Kalkulasi rasional, PBB cukup berat untuk bangkit dan bersaing dengan partai-partai lain. Apalagi electoral threeshold di 2019 makin tinggi, yaitu empat persen. Hasil survei dari sejumlah lembaga, untuk mencapai target dua persen saja PBB mesti kerja super keras. Apalagi empat persen.
Sadar keadaan, Yusril harus melakukan langkah “setengah gila”. Bila perlu menggunakan “jurus mabuk”. Mesti lebih bernyali membuat terobosan. Persetan jika dianggap tak populer. Ini darurat! Emergency!
Apa langkah Yusril? Pertama, memperkuat modal sosial. Ketika HTI dicabut ijin ormasnya, ini peluang. Yusril maju dan jadi lawyer HTI. Barternya? HTI dukung PBB. Ini langkah taktis dan cerdas.
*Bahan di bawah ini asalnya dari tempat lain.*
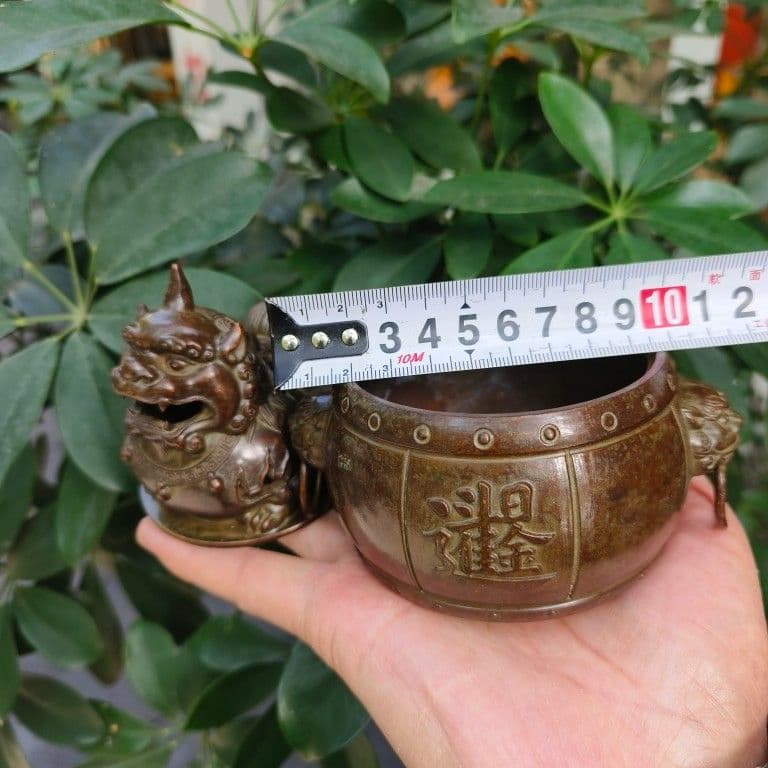 ダックのネコ香炉 茶道具　香道具 工芸品 美術品 置物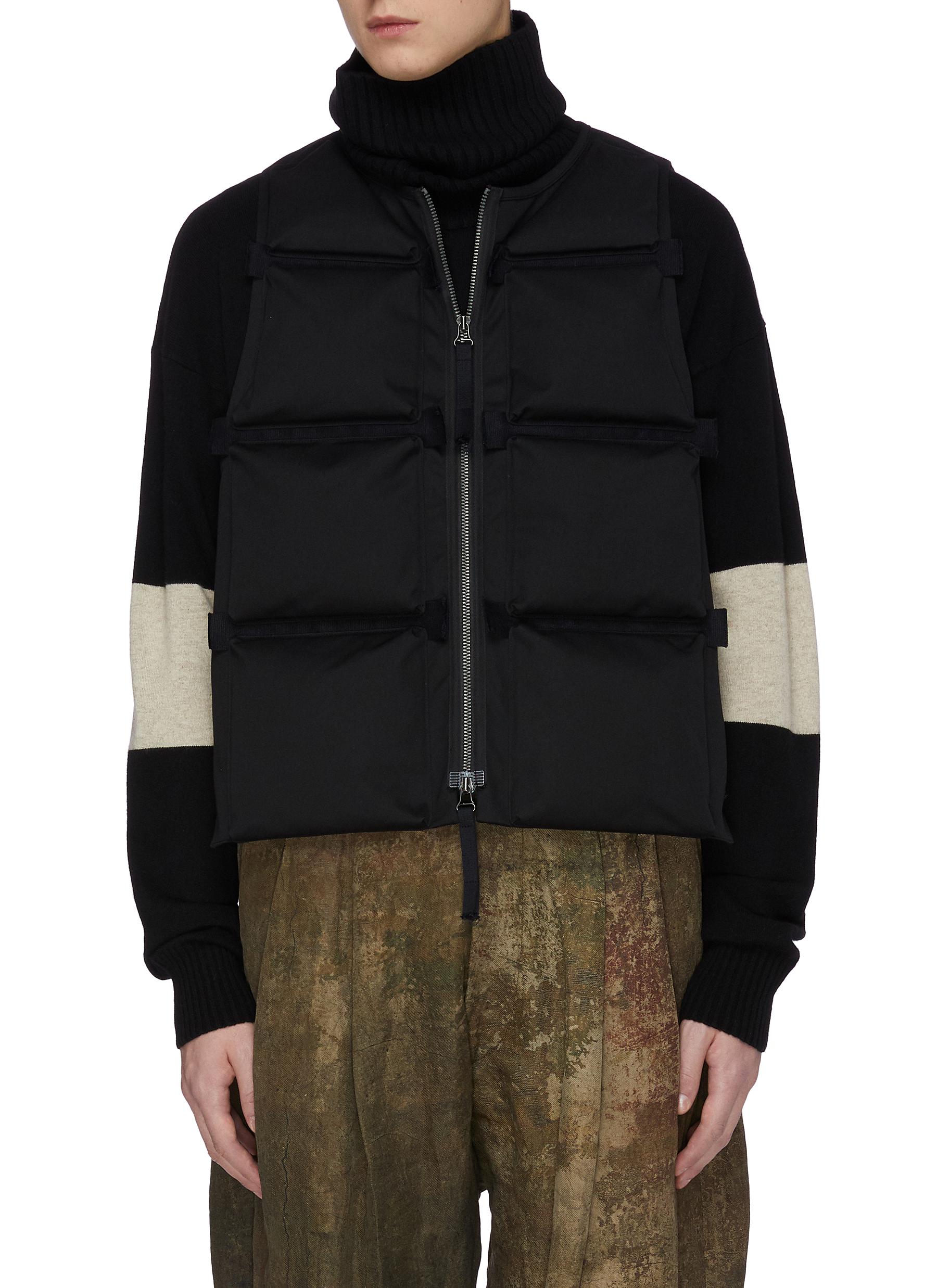 Click to view more detailed imagery on our partner's website Ziggy Chen Padded Tactical Vest In Black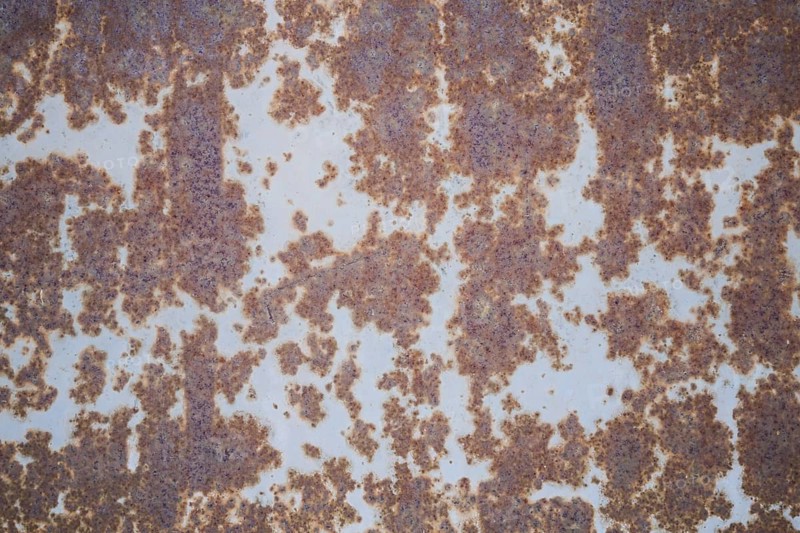 Urban rusted wall surface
Peluang untuk menambah suara PBB. Di sisi lain, ini juga jadi ikhtiar menginsafkan dosa politik HTI yang selama ini selalu golput.
Kedua, tak cukup dengan HTI, Yusril memanfaatkan momen pilpres. Caranya? Merapat ke Paslon. Jajaki negosiasi. Apa untungnya? Pertama, logistik. PBB, dan semua partai perlu logistik untuk pileg. Mendukung capres-cawapres, peluang logistik terbuka. Kedua, Coat-tail effect. Numpang branding capres-cawapres.
Saat ini, yang dianggap tepat sebagai tempat berlabuh bagi PBB adalah Prabowo-Sandi. Kenapa? Sama-sama memiliki background keumatan. Prabowo-Sandi didukung oleh koalisi keumatan. Dan PBB adalah partai eks Masyumi yang juga berbasis keumatan.